The Long Hua Temple or the Lon Wa Buddhist Temple is a must-visit place when you’re in the city of Davao. It is a worthwhile experience if you were always interested and curious about the teachings of this ancient religion or if you want to simply marvel at the temple’s interiors and architecture.
It has been known that Filipino societies have already been practicing Buddhism as proven by the claim of archaeologists back in the 7th Century. Buddhism in the Philippines is mainly Vajrayana in character and has gained its own foothold in the country. But with the Spanish colonization, the practice of other religions was overshadowed by the widespread practice of the Catholic faith. The number of people practicing Buddhism nowadays only accounts for three percent of the population. However, Buddhism has had significant influences in other major regions in the country, including some of the regions of Davao.
One of the significant figures of Buddhism in Davao City is the Long Hua Temple, which looks similar to most temples in dominantly Buddhist countries.

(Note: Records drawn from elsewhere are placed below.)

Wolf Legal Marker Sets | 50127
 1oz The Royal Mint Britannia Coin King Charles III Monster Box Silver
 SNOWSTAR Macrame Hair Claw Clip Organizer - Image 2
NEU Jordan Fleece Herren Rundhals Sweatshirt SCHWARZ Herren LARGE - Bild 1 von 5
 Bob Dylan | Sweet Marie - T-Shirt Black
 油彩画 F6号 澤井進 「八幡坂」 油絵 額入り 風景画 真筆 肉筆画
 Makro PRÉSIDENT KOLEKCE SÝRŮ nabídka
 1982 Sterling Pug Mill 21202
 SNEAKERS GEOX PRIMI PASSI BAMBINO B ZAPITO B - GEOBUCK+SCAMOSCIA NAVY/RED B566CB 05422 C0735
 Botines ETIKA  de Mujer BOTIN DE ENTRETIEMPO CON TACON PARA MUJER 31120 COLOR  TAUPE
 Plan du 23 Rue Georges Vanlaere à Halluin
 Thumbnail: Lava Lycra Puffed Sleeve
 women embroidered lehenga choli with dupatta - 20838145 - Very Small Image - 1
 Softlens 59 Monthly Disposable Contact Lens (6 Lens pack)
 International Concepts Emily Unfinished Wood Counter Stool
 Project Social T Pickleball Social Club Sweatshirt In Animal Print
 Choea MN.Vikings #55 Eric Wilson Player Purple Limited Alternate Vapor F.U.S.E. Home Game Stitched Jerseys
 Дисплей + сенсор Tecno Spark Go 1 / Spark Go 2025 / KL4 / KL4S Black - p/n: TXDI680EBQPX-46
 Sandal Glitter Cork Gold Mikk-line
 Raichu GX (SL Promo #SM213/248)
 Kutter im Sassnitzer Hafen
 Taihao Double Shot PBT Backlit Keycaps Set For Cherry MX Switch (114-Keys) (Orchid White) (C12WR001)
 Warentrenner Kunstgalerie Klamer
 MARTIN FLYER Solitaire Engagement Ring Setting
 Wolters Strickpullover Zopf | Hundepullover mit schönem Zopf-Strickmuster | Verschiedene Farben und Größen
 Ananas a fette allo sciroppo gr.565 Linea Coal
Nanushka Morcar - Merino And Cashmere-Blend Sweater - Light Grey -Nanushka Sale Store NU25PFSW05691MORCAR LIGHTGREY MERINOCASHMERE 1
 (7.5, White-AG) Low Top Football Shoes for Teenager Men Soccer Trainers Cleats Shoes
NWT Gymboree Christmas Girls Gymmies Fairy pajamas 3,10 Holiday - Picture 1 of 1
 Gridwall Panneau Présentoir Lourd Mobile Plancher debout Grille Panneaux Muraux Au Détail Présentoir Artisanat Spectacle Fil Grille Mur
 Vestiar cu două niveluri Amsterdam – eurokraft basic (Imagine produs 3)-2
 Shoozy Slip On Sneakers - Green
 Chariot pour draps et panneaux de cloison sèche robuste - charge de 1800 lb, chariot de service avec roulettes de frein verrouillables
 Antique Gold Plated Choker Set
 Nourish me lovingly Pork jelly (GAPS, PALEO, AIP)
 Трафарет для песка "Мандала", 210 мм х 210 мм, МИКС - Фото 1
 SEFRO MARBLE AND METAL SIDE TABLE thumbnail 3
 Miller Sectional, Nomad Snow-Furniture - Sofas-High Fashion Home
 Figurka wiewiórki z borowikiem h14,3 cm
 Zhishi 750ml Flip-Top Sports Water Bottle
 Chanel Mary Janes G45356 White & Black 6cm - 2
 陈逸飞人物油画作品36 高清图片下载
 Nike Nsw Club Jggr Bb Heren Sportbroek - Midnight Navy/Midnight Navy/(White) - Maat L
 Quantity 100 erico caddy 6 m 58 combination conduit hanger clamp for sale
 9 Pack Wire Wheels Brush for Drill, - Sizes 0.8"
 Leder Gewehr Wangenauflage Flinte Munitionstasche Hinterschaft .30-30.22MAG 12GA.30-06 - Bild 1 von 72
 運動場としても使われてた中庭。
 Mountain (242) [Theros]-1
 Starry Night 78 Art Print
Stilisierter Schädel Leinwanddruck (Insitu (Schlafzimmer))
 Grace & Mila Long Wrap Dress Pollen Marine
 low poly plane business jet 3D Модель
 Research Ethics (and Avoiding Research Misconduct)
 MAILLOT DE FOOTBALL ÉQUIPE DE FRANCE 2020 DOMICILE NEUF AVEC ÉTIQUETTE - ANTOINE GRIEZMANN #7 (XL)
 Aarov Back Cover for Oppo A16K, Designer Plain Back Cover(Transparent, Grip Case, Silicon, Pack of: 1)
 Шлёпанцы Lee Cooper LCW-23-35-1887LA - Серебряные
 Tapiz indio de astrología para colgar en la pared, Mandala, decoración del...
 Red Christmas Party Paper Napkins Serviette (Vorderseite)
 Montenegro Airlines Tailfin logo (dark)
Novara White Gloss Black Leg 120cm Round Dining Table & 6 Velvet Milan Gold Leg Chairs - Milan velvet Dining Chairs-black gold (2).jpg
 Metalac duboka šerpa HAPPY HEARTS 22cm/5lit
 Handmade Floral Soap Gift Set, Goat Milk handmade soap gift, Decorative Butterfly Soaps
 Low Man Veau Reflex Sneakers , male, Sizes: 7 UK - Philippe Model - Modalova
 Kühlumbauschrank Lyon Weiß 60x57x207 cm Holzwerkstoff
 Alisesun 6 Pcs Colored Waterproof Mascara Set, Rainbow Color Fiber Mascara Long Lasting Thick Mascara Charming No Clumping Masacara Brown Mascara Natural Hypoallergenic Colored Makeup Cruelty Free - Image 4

The moment you enter the grounds of the temple, you are immediately greeted with a smiling Buddha in concrete calmly waiting as he invites visitors to enter. There are lion statues near the stairs to guard the temple from evil spirits. The temple’s exteriors are designed simply, with its white and gray walls topped by a green roof that maintains its alluring and peaceful aura for those who visit it. Imagine candles lit up and lined on the wall of the temple: decorations are spare with bamboo trees surrounding the place. The temple is simple and serene, a meditation in its own right.
The temple walls are surrounded by Italian marble slabs that pose a great contrast to the otherwise simple décor. Walking toward the end of a long hall with high ceilings and well-polished floors, a huge and magnificent Buddha replica can be seen at the end. A thousand-armed Kuan Yin, which is a gold statue, is one of the most prominent displays in the temple. The life of Buddha can also be seen intricately carved in wood surrounded by lily ponds filed with carp. Monks and nuns live in the Long Hua Temple grounds and can be seen roaming around. Don’t be frightened when you see one. Simply greet them with a bowing gesture as they will greet you as well. You may also catch Chinese students in their monk suits practicing prayer and songs for the Buddha.
The temple can easily be reached by taking a cab to Cabaguio Avenue, which is an extension of Leon Garcia Street. You can also ride a jeepney that is headed towards “Sasa” or “Cabaguio”. Ask the driver to drop you off the temple. Locals often regard the temple as the Philippine Acadamy of Sakya, a Buddhist religion movement instead of the Temple of Long Hua. Unlike other temples, visitors can take pictures inside the temple and admission is free. Donations are much appreciated, though.
It is a fascinating yet strange fact that such a large Buddhist temple like Long Hua Temple exists in Davao, despite the predominant Muslim community. Nevertheless, this only proves how diverse and modern the city of Davao has become.